This is a small part of a larger picture that artist Michael Breyette has done. It's one of my favorites by him. Click here
to check out his other work. It's inspired more than one little scene in my mind..some of which I've written down.
I'm thinking of putting them all together and writing a story from them, but I'd like to know what you think about it. It'll be in the vein of Angel's Evolution,
where it's in 1st person pov and present tense. Of course, it'll be a contemporary.
Here's a little bit of what I wrote yesterday.Excerpt:
I wrap my arms around his waist and bury my face against his chest. I try not to cry because I don’t want his fellow soldiers to ask about the tear stains on his uniform. I breathe deep, savoring his freshly showered smell, plus the faint scent of gunpowder that lingers in his clothes, no matter how often they’re laundered.
His arms embrace me, crushing me tight to him. His lips brush my ear and he whispers, “I’m so tired of all of this.”

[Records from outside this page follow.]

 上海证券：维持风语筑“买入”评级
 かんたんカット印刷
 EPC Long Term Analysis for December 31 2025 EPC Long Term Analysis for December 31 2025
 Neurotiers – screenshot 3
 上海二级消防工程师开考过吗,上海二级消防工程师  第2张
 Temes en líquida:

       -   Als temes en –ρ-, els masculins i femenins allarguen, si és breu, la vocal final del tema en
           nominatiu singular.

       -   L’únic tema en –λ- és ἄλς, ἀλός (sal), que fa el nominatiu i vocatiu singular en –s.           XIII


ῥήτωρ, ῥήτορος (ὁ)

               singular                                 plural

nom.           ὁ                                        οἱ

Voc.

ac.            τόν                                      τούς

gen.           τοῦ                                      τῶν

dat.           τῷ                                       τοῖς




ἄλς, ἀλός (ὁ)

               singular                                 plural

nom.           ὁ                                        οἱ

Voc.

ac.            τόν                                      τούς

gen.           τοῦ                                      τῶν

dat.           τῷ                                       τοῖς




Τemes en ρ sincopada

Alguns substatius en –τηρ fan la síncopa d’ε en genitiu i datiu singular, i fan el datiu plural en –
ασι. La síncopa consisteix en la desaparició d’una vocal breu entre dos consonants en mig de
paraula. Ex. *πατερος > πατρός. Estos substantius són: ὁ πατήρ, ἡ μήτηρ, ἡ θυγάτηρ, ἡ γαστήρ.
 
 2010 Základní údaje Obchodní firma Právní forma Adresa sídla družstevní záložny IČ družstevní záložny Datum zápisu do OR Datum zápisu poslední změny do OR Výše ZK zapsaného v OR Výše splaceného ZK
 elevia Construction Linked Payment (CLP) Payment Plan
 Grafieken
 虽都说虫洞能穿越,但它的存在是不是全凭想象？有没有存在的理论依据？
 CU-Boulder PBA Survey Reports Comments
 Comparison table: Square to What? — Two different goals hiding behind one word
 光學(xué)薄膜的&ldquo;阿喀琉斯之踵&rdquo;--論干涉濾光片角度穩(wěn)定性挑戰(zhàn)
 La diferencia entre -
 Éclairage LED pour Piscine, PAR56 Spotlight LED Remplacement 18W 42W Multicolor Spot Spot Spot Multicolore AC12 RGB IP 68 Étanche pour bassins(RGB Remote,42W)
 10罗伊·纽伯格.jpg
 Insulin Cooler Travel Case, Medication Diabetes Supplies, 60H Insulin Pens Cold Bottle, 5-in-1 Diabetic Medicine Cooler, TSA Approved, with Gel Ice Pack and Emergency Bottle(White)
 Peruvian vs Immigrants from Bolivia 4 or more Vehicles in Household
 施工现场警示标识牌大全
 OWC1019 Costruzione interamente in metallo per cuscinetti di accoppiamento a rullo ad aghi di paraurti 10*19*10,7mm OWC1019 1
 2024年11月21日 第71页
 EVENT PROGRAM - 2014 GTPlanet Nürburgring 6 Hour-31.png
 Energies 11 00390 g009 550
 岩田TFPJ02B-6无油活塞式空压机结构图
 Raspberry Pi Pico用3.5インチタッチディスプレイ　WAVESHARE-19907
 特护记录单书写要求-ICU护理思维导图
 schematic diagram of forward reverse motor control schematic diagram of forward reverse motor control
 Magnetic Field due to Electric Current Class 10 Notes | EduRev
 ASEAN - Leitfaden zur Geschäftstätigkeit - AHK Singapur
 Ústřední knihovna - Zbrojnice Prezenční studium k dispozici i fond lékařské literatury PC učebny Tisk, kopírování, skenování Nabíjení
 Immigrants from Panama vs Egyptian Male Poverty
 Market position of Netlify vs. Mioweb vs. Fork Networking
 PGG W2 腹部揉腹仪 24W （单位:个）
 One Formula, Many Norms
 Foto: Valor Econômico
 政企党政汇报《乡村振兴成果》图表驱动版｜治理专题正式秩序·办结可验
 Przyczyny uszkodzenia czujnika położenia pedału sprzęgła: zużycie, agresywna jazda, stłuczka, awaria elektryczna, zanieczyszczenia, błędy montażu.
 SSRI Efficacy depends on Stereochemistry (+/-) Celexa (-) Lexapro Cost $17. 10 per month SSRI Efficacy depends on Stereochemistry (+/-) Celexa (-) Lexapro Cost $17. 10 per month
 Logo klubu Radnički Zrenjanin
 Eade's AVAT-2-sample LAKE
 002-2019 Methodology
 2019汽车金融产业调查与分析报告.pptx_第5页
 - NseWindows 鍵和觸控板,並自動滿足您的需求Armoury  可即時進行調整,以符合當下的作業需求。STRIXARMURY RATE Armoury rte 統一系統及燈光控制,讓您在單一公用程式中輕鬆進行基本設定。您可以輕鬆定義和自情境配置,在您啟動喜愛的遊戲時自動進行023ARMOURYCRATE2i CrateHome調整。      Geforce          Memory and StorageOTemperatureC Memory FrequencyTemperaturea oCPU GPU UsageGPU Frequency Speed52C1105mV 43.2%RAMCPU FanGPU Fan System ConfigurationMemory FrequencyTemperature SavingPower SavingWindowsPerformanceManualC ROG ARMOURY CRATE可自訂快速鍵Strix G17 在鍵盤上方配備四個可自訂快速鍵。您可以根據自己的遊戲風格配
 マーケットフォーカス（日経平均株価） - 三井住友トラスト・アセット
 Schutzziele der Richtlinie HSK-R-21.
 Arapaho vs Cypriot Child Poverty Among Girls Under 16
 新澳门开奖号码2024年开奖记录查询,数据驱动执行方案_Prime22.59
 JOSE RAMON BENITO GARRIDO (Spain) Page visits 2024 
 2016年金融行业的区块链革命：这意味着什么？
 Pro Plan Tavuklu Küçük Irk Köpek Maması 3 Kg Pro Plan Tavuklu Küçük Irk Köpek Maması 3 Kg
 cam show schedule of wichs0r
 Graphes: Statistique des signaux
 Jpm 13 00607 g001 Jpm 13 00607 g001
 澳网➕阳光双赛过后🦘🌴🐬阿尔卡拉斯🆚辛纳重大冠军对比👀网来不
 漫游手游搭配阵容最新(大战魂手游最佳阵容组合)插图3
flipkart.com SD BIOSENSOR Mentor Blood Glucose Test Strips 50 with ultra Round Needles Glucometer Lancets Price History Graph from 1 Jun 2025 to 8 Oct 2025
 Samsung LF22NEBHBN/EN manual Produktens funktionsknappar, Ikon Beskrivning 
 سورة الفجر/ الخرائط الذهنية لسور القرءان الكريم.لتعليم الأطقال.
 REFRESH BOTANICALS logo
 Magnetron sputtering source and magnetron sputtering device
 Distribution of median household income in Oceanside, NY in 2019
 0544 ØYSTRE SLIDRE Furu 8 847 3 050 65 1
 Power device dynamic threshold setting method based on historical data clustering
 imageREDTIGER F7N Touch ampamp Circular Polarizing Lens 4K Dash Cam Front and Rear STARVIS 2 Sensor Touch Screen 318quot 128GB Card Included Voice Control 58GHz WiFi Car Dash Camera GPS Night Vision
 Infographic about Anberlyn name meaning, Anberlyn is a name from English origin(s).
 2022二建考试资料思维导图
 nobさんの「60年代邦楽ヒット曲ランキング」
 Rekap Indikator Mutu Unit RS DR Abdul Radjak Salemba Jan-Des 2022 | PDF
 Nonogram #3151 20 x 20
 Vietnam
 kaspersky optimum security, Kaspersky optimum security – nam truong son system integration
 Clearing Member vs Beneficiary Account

Part of his weariness is because of me. I accept my guilt. My need for him and his love for me weighs him down.
Easing away, I meet his gaze and cradle his face in my hands. He stares at me with such exhaustion and pain in his eyes that I want to burst into tears.
“I’m sorry, love.”
He shrugs, not moving from me. “Is it all worth it?”
Fear races through my heart and I gasp. “Is what worth it?”
Hoping, praying he doesn’t say ‘us’.
He gestures to the uniform, to the duffle bag by the front door and to the picture of him graduating from boot camp without me there to see.
“Serving my country. Keeping you a secret.”
I grasp his hands and lead him to his favorite chair. The one I will sleep in most nights while he’s gone. He sits and I kneel, pressing a kiss to his scarred knuckles.
“Never say this isn’t worth it. This is all you’ve ever wanted to be and I would never have you be anything other than this. Your strength and belief has gotten you this far, don’t let them wear you down.”
“It’s not fair to you to hide who you are.” He pulls a hand free and runs his fingers through my hair.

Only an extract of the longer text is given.